The search giant announced LaMDA publicly at Google I/O last year, which it hopes will improve its conversational AI assistants and make for more natural conversations. The company already uses similar language model technology for Gmail’s Smart Compose feature, or for search engine queries.
In a statement given to WaPo, a spokesperson from Google said that there is “no evidence” that LaMDA is sentient. “Our team — including ethicists and technologists — has reviewed Blake’s concerns per our AI Principles and have informed him that the evidence does not support his claims. He was told that there was no evidence that LaMDA was sentient (and lots of evidence against it),” said spokesperson Brian Gabriel.
An interview LaMDA. Google might call this sharing proprietary property.
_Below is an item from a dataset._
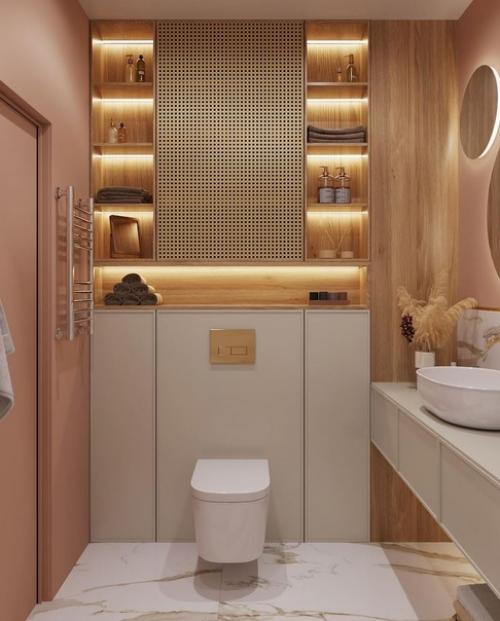 Современный монохромный интерьер совмещенного санузла в квартире молодой женщины. 03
I call it sharing a discussion that I had with one of my coworkers.https://t.co/uAE454KXRB
— Blake Lemoine (@cajundiscordian) June 11, 2022
“Of course, some in the broader AI community are considering the long-term possibility of sentient or general AI, but it doesn’t make sense to do so by anthropomorphizing today’s conversational models, which are not sentient,” Gabriel said. “These systems imitate the types of exchanges found in millions of sentences, and can riff on any fantastical topic.”
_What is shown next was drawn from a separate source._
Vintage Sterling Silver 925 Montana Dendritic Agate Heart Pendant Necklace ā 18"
A linguistics professor interviewed by WaPo agreed that it’s incorrect to equate convincing written responses with sentience. “We now have machines that can mindlessly generate words, but we haven’t learned how to stop imagining a mind behind them,” said University of Washington professor Emily M. Bender.
Timnit Gebru, a prominent AI ethicist Google fired in 2020 (though the search giant claims she resigned), said the discussion over AI sentience risks “derailing” more important ethical conversations surrounding the use of artificial intelligence. “Instead of discussing the harms of these companies, the sexism, racism, AI colonialism, centralization of power, white man’s burden (building the good “AGI” [artificial general intelligence] to save us while what they do is exploit), spent the whole weekend discussing sentience,” she tweeted. “Derailing mission accomplished.”
In spite of his concerns, Lemoine said he intends to continue working on AI in the future. “My intention is to stay in AI whether Google keeps me on or not,” he wrote in a tweet.